Myra is an old lady now, but she feels that her formative years were spent being responsible for caring for her younger brother and sister, leaving her little time for herself. When Myra was a teenager her father, the sole family breadwinner, lost his job meaning that the family relied on minimal government support. Myra was used to not having much and was accepting of this, but she still recalls one particular Christmas where she had saved some money from ironing clothes and cleaning for a “well off” family. She felt delight in purchasing some little toys for her siblings in anticipation of their happiness. However, come Christmas Day when they excitedly opened their packages, she also remembers the searing criticism by her father of her wastefulness. The shame that she encountered that day has remained with her. She finds it hard to be positive when others are experiencing the joy of a celebration and can’t stand surprises.

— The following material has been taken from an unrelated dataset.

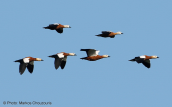 Ruddy Shelducks (Tadorna ferruginea) at Evros delta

Jimmy too, is in his twenties now, feels that birthday celebrations are tainted by feelings of sadness and anger. Unfortunately, his experience of being touched inappropriately by his uncle as an 8 year old, whilst everyone there was distracted during the singing of “Happy Birthday” to his sister, has left him feeling anxious and overwhelmed at family and social gatherings.
A celebration is usually a time with the people we most care about coming together to experience shared happiness and joy.
Children and young people who have experienced trauma, and are separated from their family of origin whilst living with foster families or in residential homes, can be supported to experience these emotions too. Even amidst the sadness of their feelings of rejection. With some “child-centred” planning and forethought, a new emotional template of positive associations and memories can be created.
By exploring and reflecting with a child or young person what they may need to feel emotionally safe prior to the event, during and afterwards, along with a few tried and true ideas, a planned for celebration can succeed.
As trauma recovery and emotional safety is reliant upon the environment and the people in it connecting with the child to evoke calm, consistent, responsive and predictable support, it is worth considering the following ingredients to success:
What sort of celebration will feel “just right” for the child?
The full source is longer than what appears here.